Voor papa en mama

rouwgroep
14 november 2018

Allerzielen

“Als het maar niet te depressief is”, zei mijn broer, toen ik hem vroeg of hij met me mee wilde naar Allerzielen in de Binnenwaai op IJburg. Dat durfde ik niet te garanderen, maar ik zei niks.

Bij binnenkomst drinken we koffie en horen we pianomuziek op de achtergrond. Het gebouw lijkt in niets op een kerk, waardoor het overweldigende gevoel van hoge ramen en koude stenen vloeren uitblijft. In de kleine ronde ruimte hangt de geur van zacht smeltende kaarsen. In een andere kamer zit een jong meisje te kleuren.

Riekje leidt de avond in. Een celliste speelt de eerste prelude van Bach. De herkenbare tonen verroeren me, maar ik dwaal niet af. Even denk ik nog, wat vindt mijn broer ervan, is het niet te depressief? Maar wat hij denkt is niet mijn zaak.
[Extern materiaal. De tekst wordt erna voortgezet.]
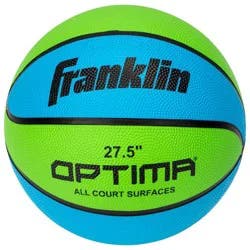 Franklin Sports Junior Optima 27.5'' Rubber Basketball - Blue/Green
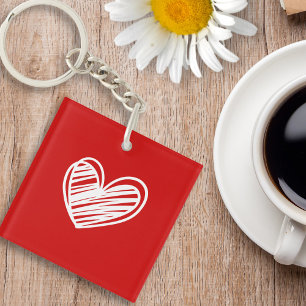 Modern White Red Heart Birthday-årsjubileum Womens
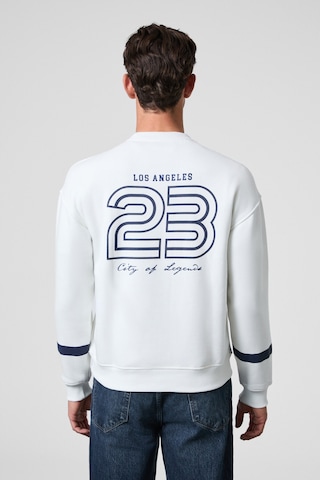 Grimelange Camden Erkek Önü Kolları Ve Sırtı Baskılı Oversize Fit Bisiklet Yaka Beyaz Sweatshirt Beyaz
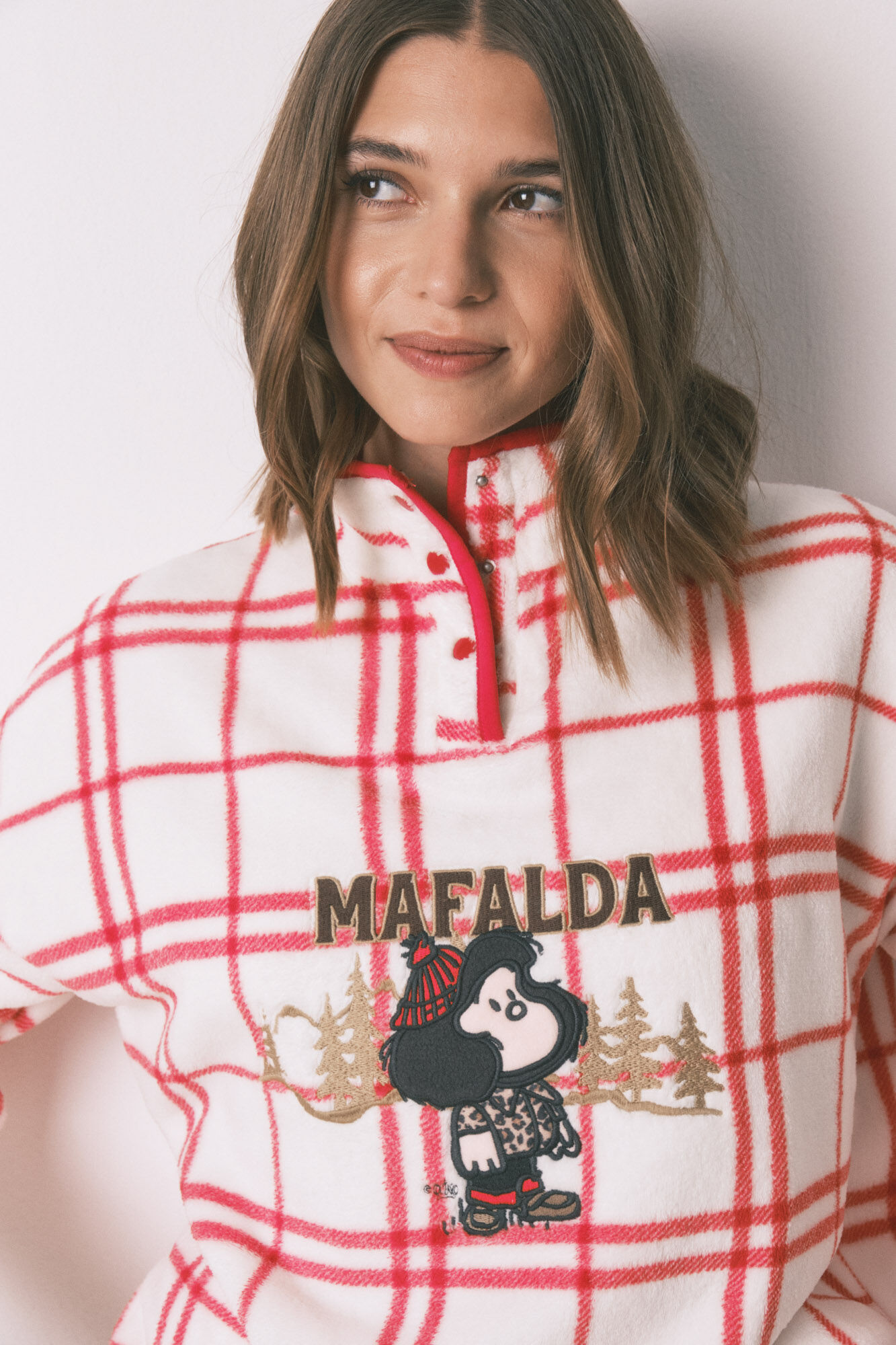 Women'secret Pijama longo de l&atilde; xadrez branco Mafalda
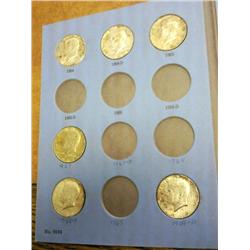 WHITMAN ALBUM OF KENNEDY HALF DOLLARS 6 COINS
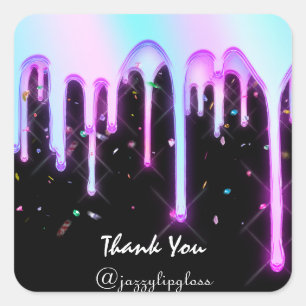 Lipgloss Makeup roze Unicorn Drift Holograaf Black Vierkante Sticker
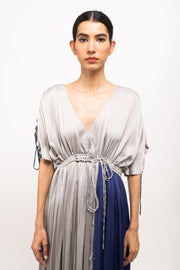 Grey-Blue Angrakha Dress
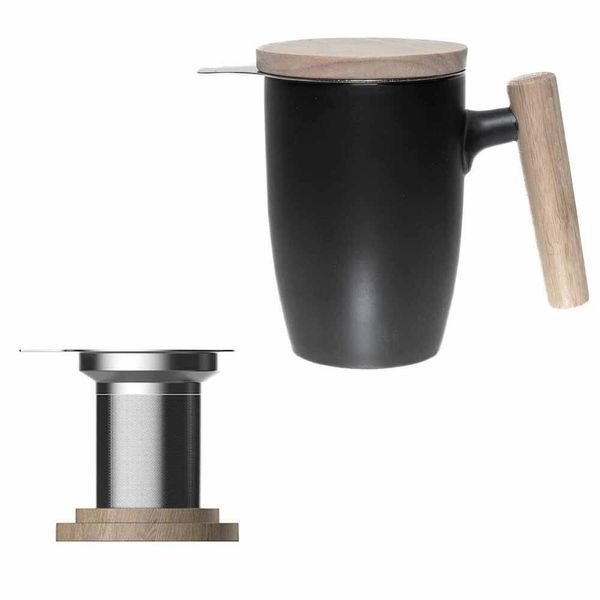 Чашка-заварник керамічна для чаю Wooden Brew Mug Light, Чорна, 450 мл, Кружка заварник TM450L фото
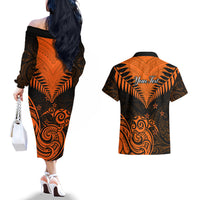 Personalised New Zealand Couples Matching Off The Shoulder Long Sleeve Dress and Hawaiian Shirt Aotearoa Maori Kiwi Orange Fern - Wonder Print Shop
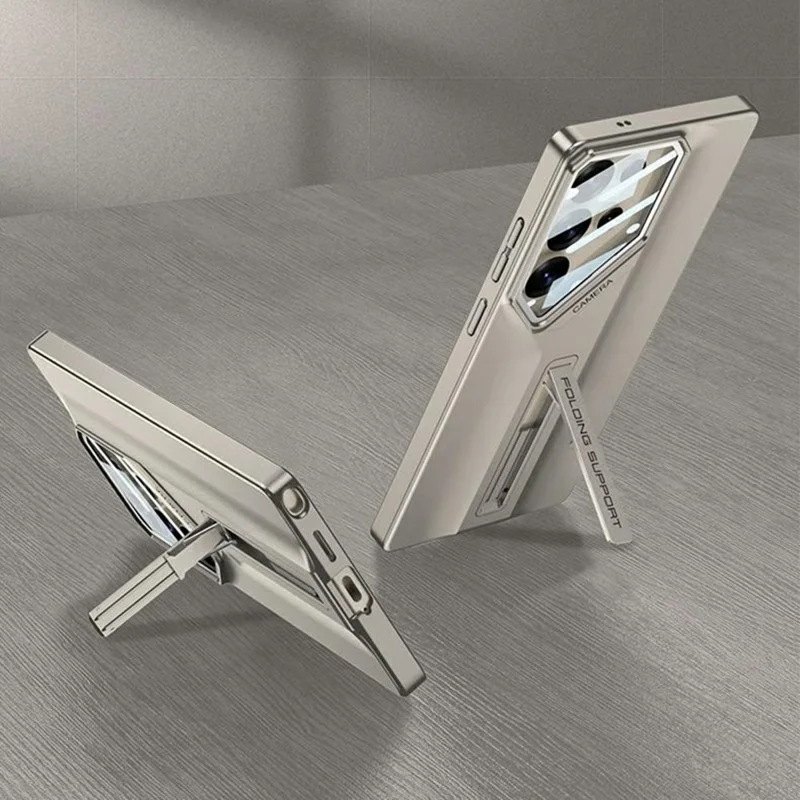 GKK For Samsung Galaxy S25 Ultra Case Kickstand Shockproof PC Phone Cover with Glass Lens Cover - Titanium Gold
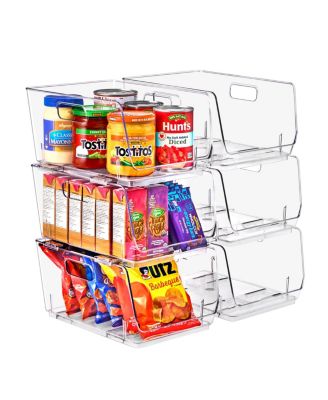 Medium Stackable Open Front Storage Bins - For Pantry, Kitchen and Home Organization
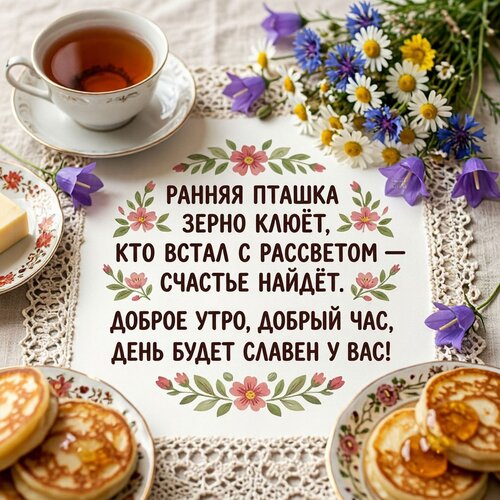 Открытка Доброе утро, добрый час, день будет славен у вас!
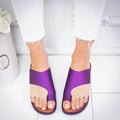 Women Leather Shoes Comfy Platform Flat Sole Casual Soft Big Toe Foot Sandal Flat Sole Casual Soft Toe Ring Unique Sandal Modern Summer Beach Shoes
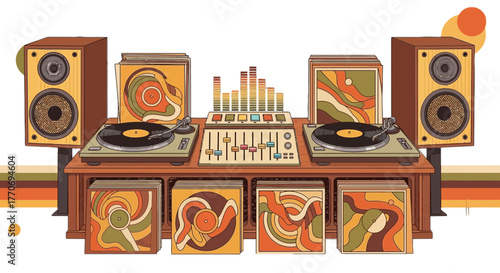 Vintage Stereo Setup with Turntables Vinyl Records and Speakers Illustration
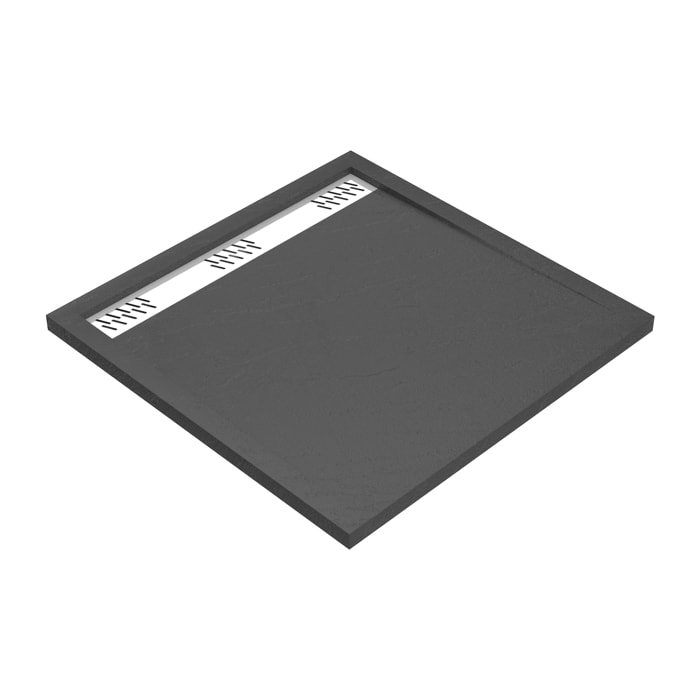 Receveur en acrylique Gris Effet Pierre 80x80x4 cm - Grille Linéaire Chrome - METEORA
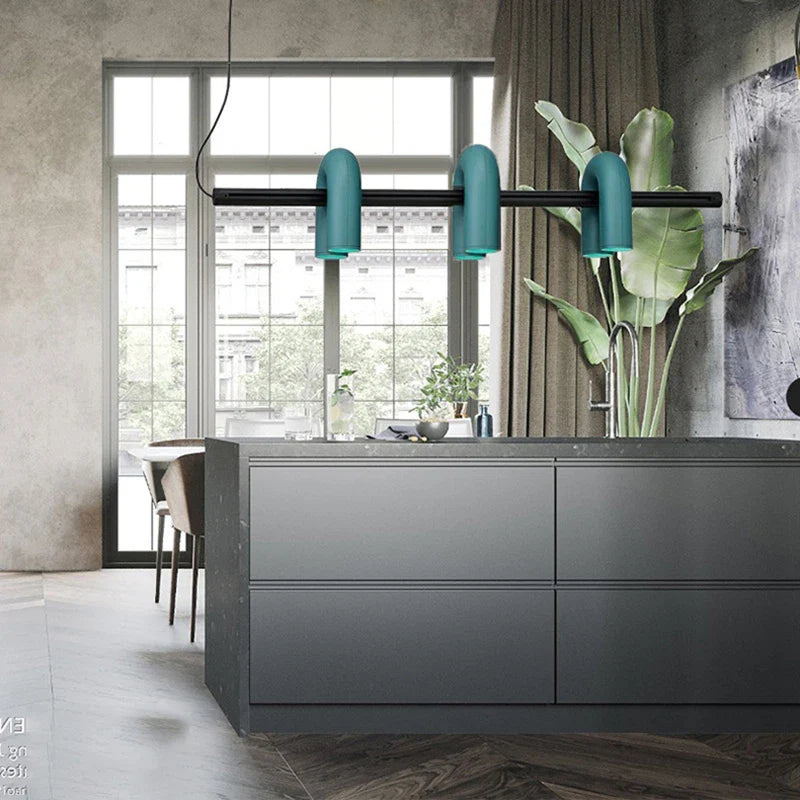 Modern Sculptural Chandelier – Black Pipe LED Ceiling Light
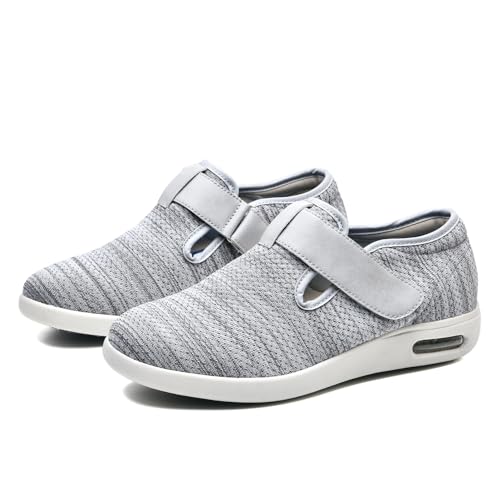 JTNZDAW Schuhe Breite Füße Herren Diabetiker schuhe herren Orthopädische für Extra Weit Verbandsschuhe Damen Hallux Valgus Hausschuhe senioren Senioren mit Klettverschluss(Gray,43 EU) von JTNZDAW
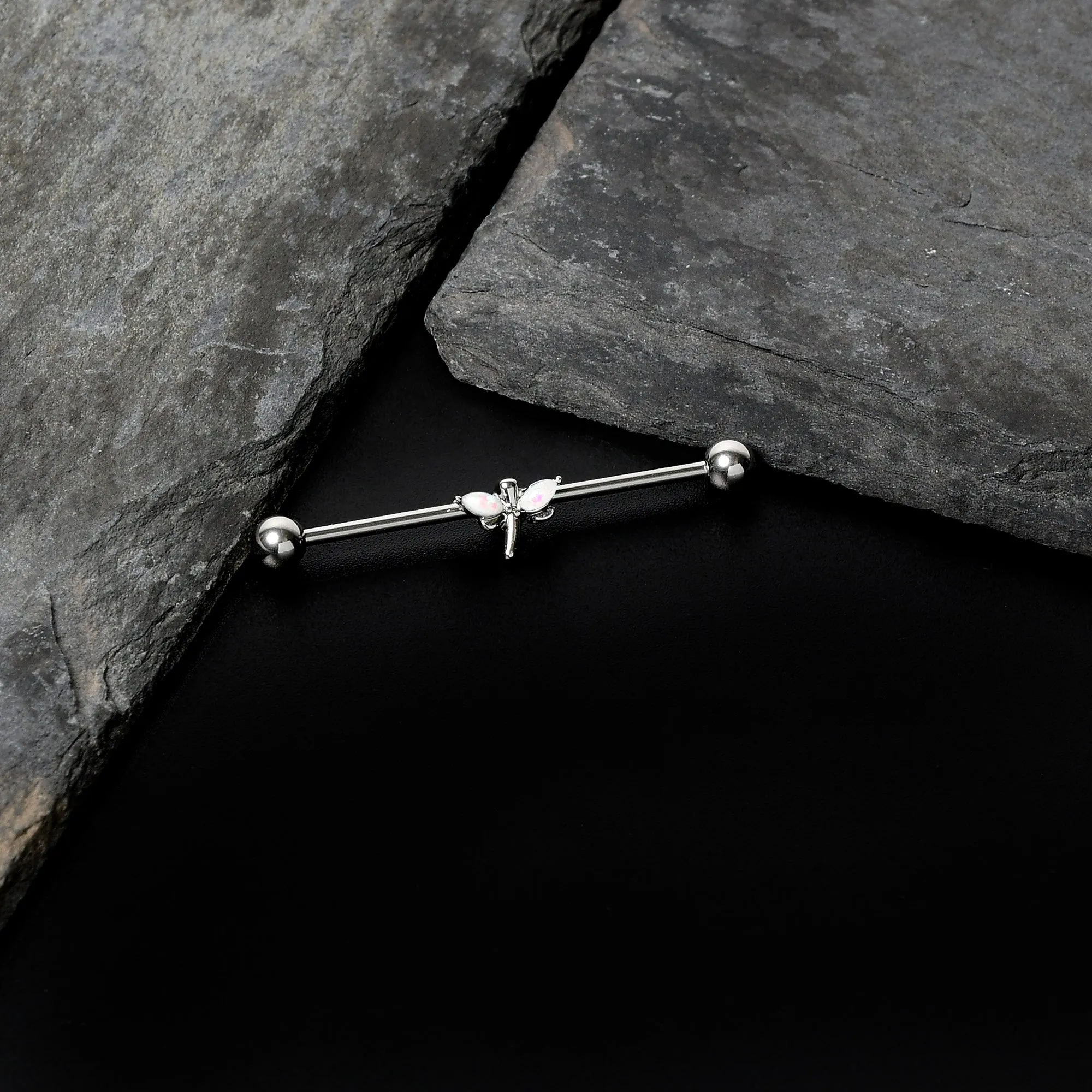 14 Gauge White Faux Opal Simple Style Dragonfly Industrial Barbell 38mm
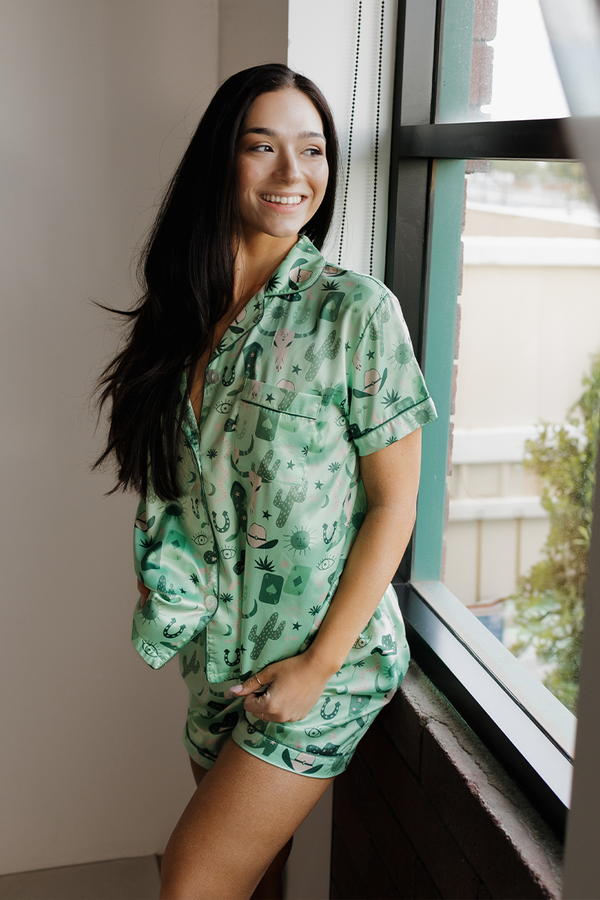 Green Rodeo Satin Pajamas-0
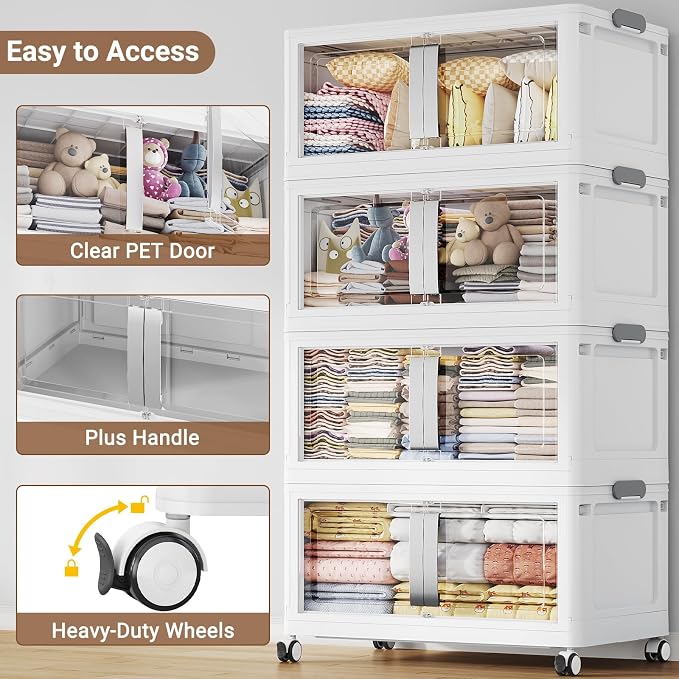 BROVIEW 160QT Stackable Storage Bins with Lids, 40Gal Extra Large Collapsible Storage Box with Wheel, Plastic Storages with Clear Door Open Front for Home Kitchen Garage, White-1pack(1 lid)
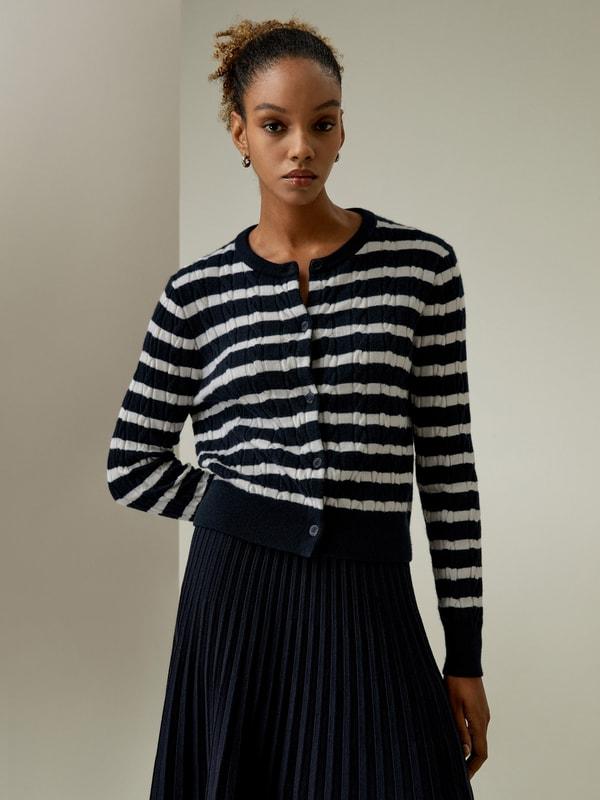 Striped Cable-Knit Cashmere Cardigan Product Image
We worden de ruimte ingestuurd. Ik bekijk boeken over rouw maar zie niets op de tafel liggen dat mijn aandacht trekt. Ik vertel mijn broer dat ik graag een boek zou lezen waarin het niet gaat over verwerken of stilstaan, maar gewoon over hoe moeilijk het is om iemand te verliezen, zonder daar iets mee te hoeven doen. “Waarom zou je daarover willen lezen?” vraagt hij me. “Omdat de herkenbaarheid zo veel troost kan bieden. Soms wil ik niet dat iemand me vertelt hoe ik moet rouwen, iedereen verwerkt het toch op zijn eigen manier.”

De hoogste berg of het diepste dal?

Ik pak de landkaart van emoties van tafel. Mijn broer en ik lezen hardop de woorden die op het papiertje staan. “Waar sta jij?” vraag ik oprecht. “De hoogste berg.” “Niet het diepste dal?” Op het kaartje is geen reliëf aangebracht. Ons gesprek verschuift naar een stevige discussie over taal.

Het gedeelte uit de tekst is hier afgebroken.